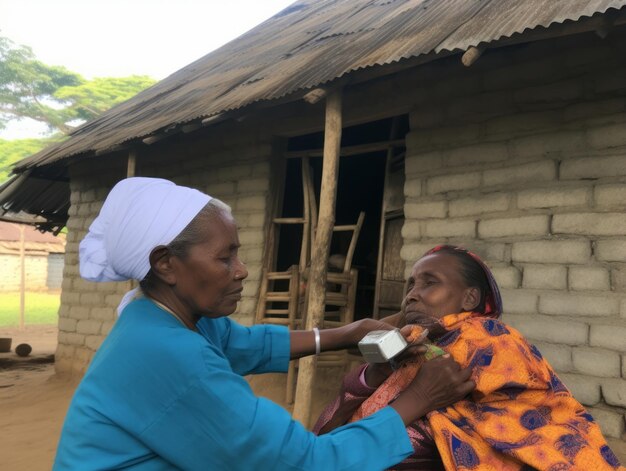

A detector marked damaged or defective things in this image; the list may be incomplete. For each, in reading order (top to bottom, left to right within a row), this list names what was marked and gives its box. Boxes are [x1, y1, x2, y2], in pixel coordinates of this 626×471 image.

rusty roof sheet [12, 0, 624, 170]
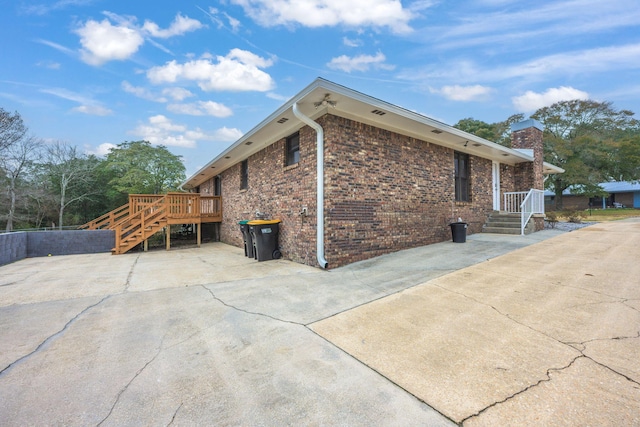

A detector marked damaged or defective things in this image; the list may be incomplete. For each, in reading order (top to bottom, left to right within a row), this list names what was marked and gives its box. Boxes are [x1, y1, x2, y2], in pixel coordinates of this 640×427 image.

asphalt crack [0, 296, 111, 376]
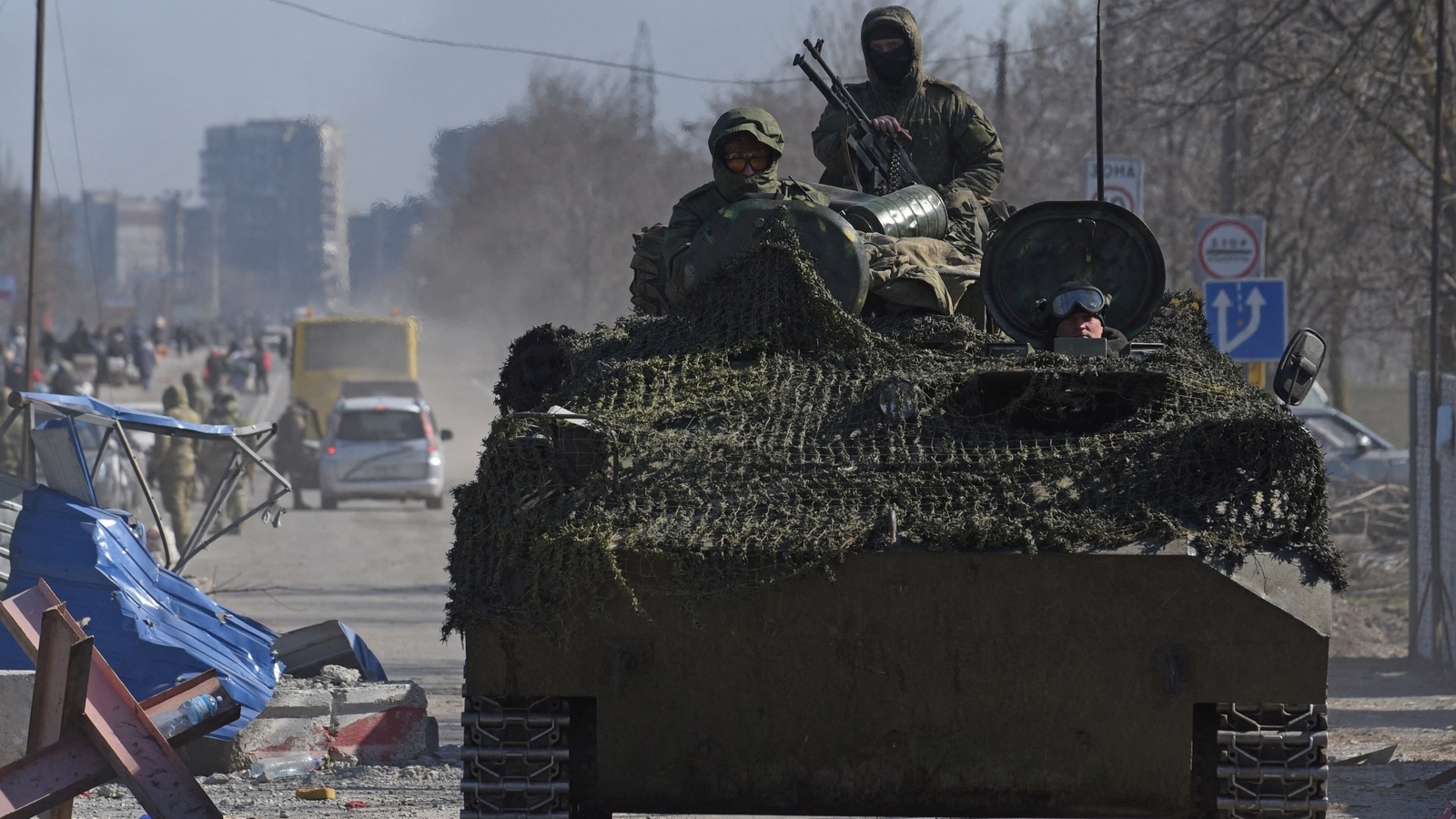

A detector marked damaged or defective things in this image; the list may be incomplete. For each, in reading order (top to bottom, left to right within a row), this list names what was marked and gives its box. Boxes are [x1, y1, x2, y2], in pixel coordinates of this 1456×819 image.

########################################

▶ WHAT IS REQUIRED
The answer must match the entries above line for line, with the pictures dropped.

▶ ANSWER TO THE EXERCISE
A detector marked damaged or defective things in this image; the list may be incomplete. For each, in reading order (top to bottom, left to right within a row), this list names what was marked and gives its box. Boxes are [x1, y1, x2, y2], in pixel coordinates of this 626×471 image.

rusty roof sheet [12, 0, 624, 170]

A detector marked damaged or defective things in this image; the list may be incomplete. For each, in reading order (top to bottom, left to right within a row), this list names what was marked and gives its box. Boxes are [x1, y1, x2, y2], in pixel coordinates of this 640×427 image.

asphalt crack [0, 296, 111, 376]

A detector marked damaged or defective things in this image; the list may be incomplete. For each, in reading order (top to bottom, left to right within a row), this list names what was marked and gives its box. Boxes are [x1, y1, x2, y2], in pixel coordinates of this 1456×819 image.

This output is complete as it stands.